Currently in optimizeMaskToEVL we convert every widened load, store or reduction to a VP predicated recipe with EVL, regardless of whether or not it uses the header mask.

So currently we have to be careful when working on other parts VPlan to make sure that the EVL transform doesn't break or transform something incorrectly, because it's not a semantics preserving transform.
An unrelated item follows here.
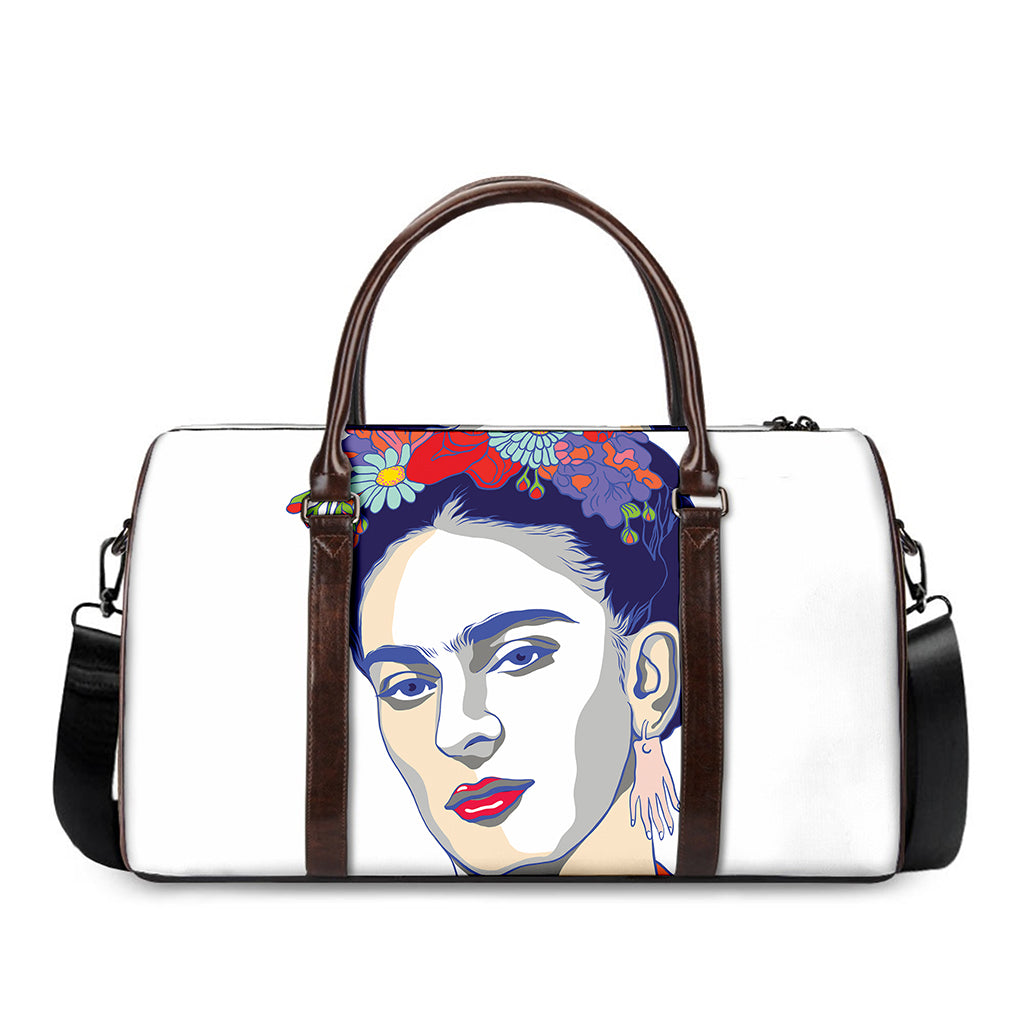 Magdalena Carmen Frida Kahlo Print Duffle Bag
Forgetting to do so has caused miscompiles before, like the case that was fixed in #113667

This PR rewrites it to work in terms of pattern matching, so it now only converts a recipe to a VP predicated recipe if it uses the header mask.

It also splits out the load/store transforms into separate patterns for reversed and non-reversed, which should make #146525 easier to implement and reason about.
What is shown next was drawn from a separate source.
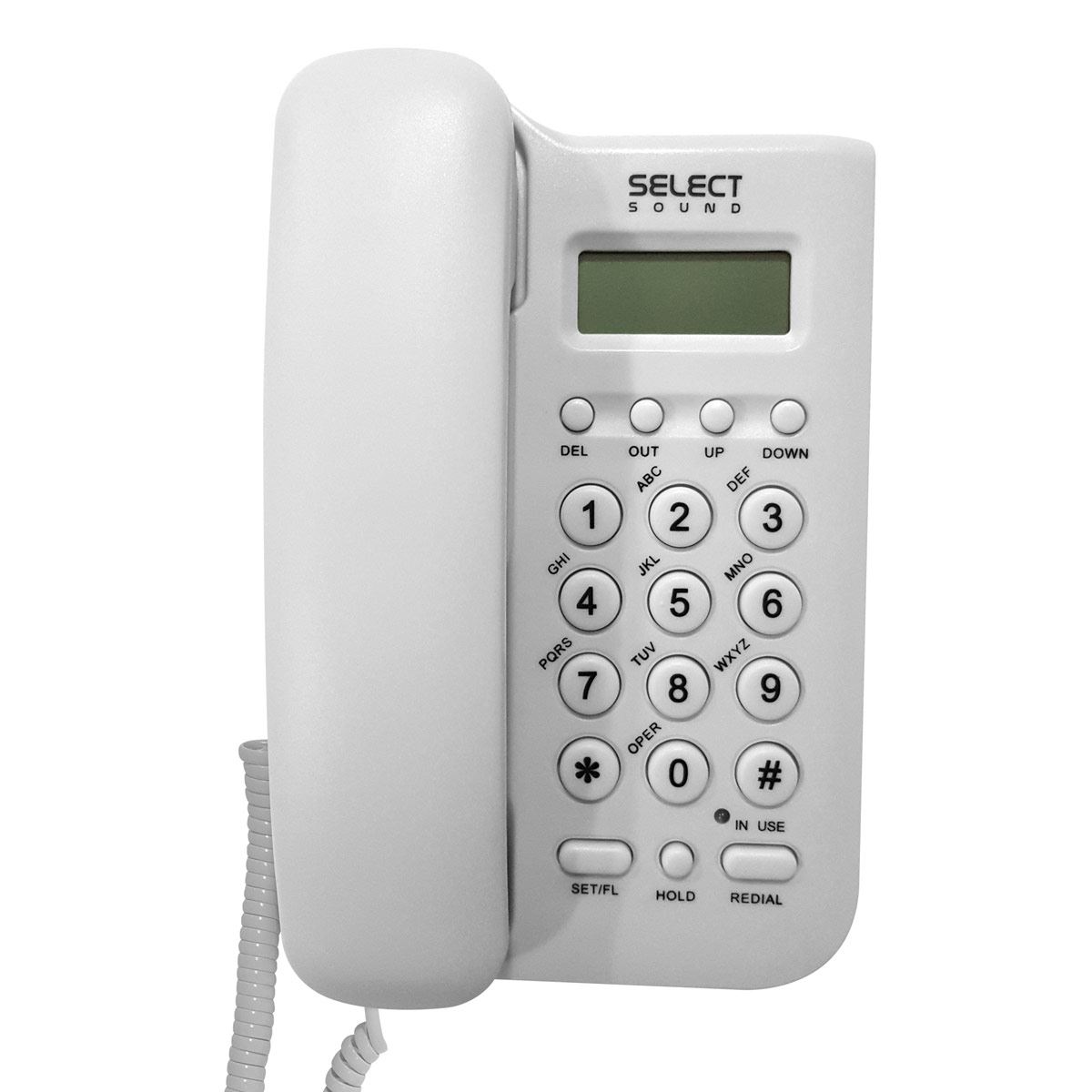 Teléfono Alámbrico Select Sound 8836 Blanco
After this the transform should be a true optimisation and not change any semantics, so it shouldn't miscompile things if other parts of VPlan change.
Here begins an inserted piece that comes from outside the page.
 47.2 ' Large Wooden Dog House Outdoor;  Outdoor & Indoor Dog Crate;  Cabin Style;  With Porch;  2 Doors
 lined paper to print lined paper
This fixes #152541, and allows us to move addExplicitVectorLength into tryToBuildVPlanWithVPRecipes in #153144
---
 .../Transforms/Vectorize/VPlanPatternMatch.h  |  76 +++++++++-
 .../Transforms/Vectorize/VPlanTransforms.cpp  | 134 ++++++++++--------
 2 files changed, 146 insertions(+), 64 deletions(-)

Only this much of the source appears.